Boatwright now appeals his conviction on the ground that his statement to his attorney was protected by the attorney-client privilege. We agree and reverse.

FACTUAL AND PROCEDURAL BACKGROUND

In 2014, Boatwright pled guilty to criminal threat against his then-fiancée, D.T. Boatwright was sentenced to prison and ordered not to contact D.T. While incarcerated, Boatwright attempted to call D.T. twice, but she did not answer. Prior to his release, Boatwright sent a package of his belongings to D.T.'s residence where he also had resided before his imprisonment. After these actions, the State charged Boatwright with violation of a protective order and with stalking in two new cases.

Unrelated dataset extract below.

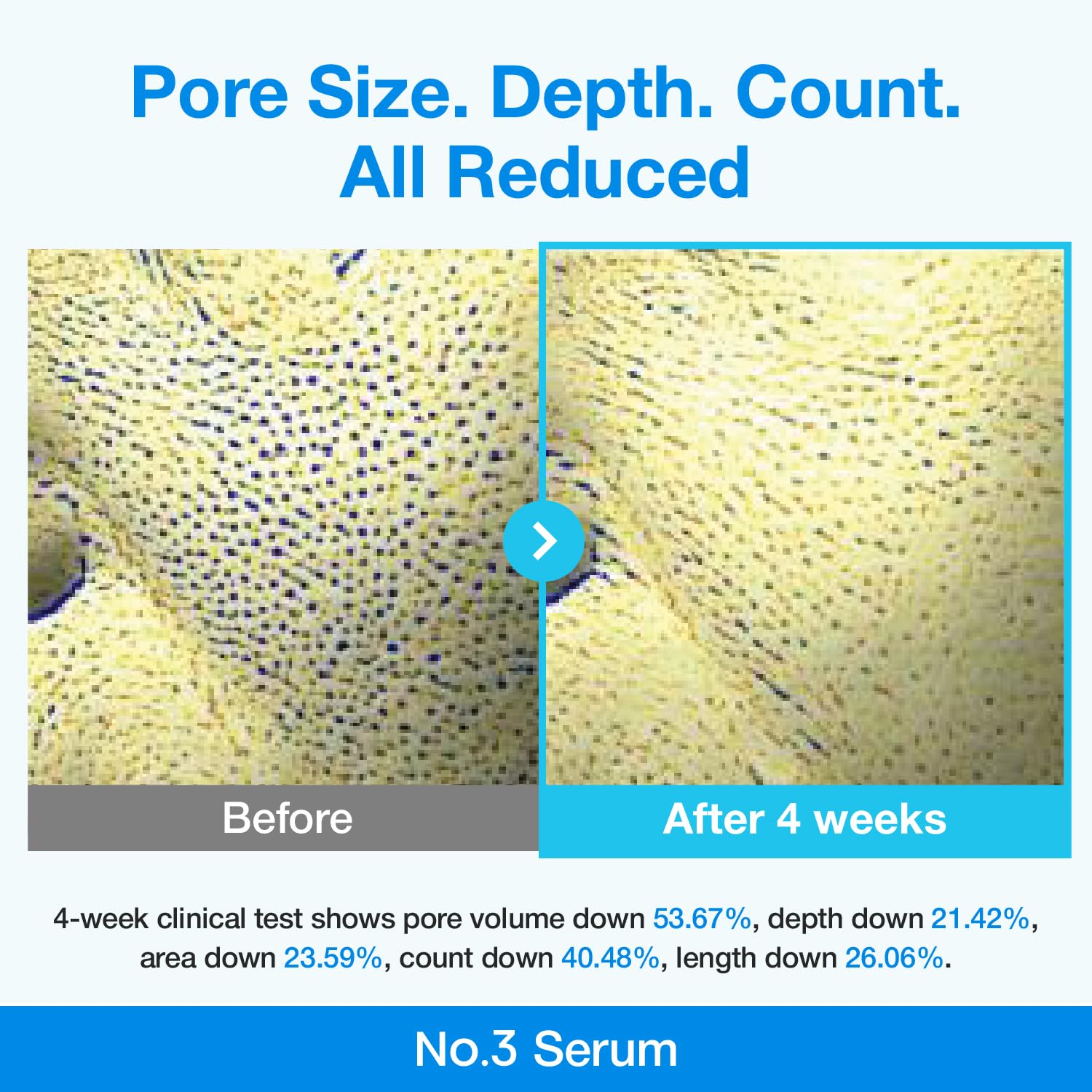 numbuzin No.3 retinol Serum | Blue Bio-Retinol Pore Refining Serum | Retinol Beginner, Tightening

The district court appointed Dianne Rosell to represent Boatwright in the two new cases. On December 3, 2014, Rosell met with Boatwright for the first time to discuss a plea offer and to gain more information from Boatwright regarding the details of his cases. The meeting lasted about 15 minutes. Rosell and Boatwright met in a private room in the professional visitation area of the jail. As was her practice for her own safety, Rosell left the door cracked during their meeting. Boatwright indicated that he was not

3 interested in accepting the plea offer; rather, he wanted to get his property back from D.T. and to see her in person. Rosell told Boatwright that he was not allowed to see D.T. because of the no contact order and that there were other ways to get his property back without D.T. being present. Boatwright became upset with Rosell after her response and said he wanted a new attorney. Rosell responded, "Fine, file a motion." The conversation ended when Boatwright left the professional visitation area.

On January 8, 2015, after not receiving a motion for new counsel, Rosell again met with Boatwright in the professional visitation area to once again discuss the plea offer in the cases. This meeting lasted approximately 10 minutes. Boatwright again rejected the plea offer and emphasized that he wanted to get his property from D.T. and that he wanted D.T. to be present when he did so. Rosell again informed Boatwright he was not allowed to see the victim. Boatwright became very upset during this conversation and commented, "[D.T.'s] robbing me of my stuff, the State's robbing me of my stuff, so I'm going to get my stuff, and I'm going to kill her." Boatwright again indicated he was unhappy with Rosell's representation. The conversation ended shortly after Boatwright's above statements.

After this meeting, Rosell spoke with her supervisor about her ethical obligations after Boatwright's statement to her, and her supervisor directed her to inquire of the Disciplinary Administrator. Rosell proposed a hypothetical scenario based on the facts of the incident to the Disciplinary Administrator, who cleared her to make a report to law enforcement under the Kansas Rules of Professional Conduct (KRPC). Rosell reported Boatwright's statements to the Sedgwick County Sheriff's Office and withdrew from his cases. Boatwright was eventually acquitted of these two charges at trial.

As a result of Rosell's report, the State charged Boatwright with one count of criminal threat, and the case proceeded to trial. A jury convicted Boatwright of criminal threat, and the district court sentenced him to 13 months' imprisonment.

4 Boatwright timely appeals.

DID THE DISTRICT COURT ERR IN ADMITTING ROSELL'S TESTIMONY AGAINST HER FORMER CLIENT?

On appeal, Boatwright makes numerous allegations of error on the part of the district court. However, his principal contention of error, which we address first because it is dispositive, is that the attorney-client privilege prohibited the admission of his statement to Rosell threatening to kill his ex-fiancée. Because resolving this issue requires the application of the statutory rules of evidence, our review is de novo. See State v. Collins, 303 Kan. 472, 473-74, 362 P.3d 1098 (2015).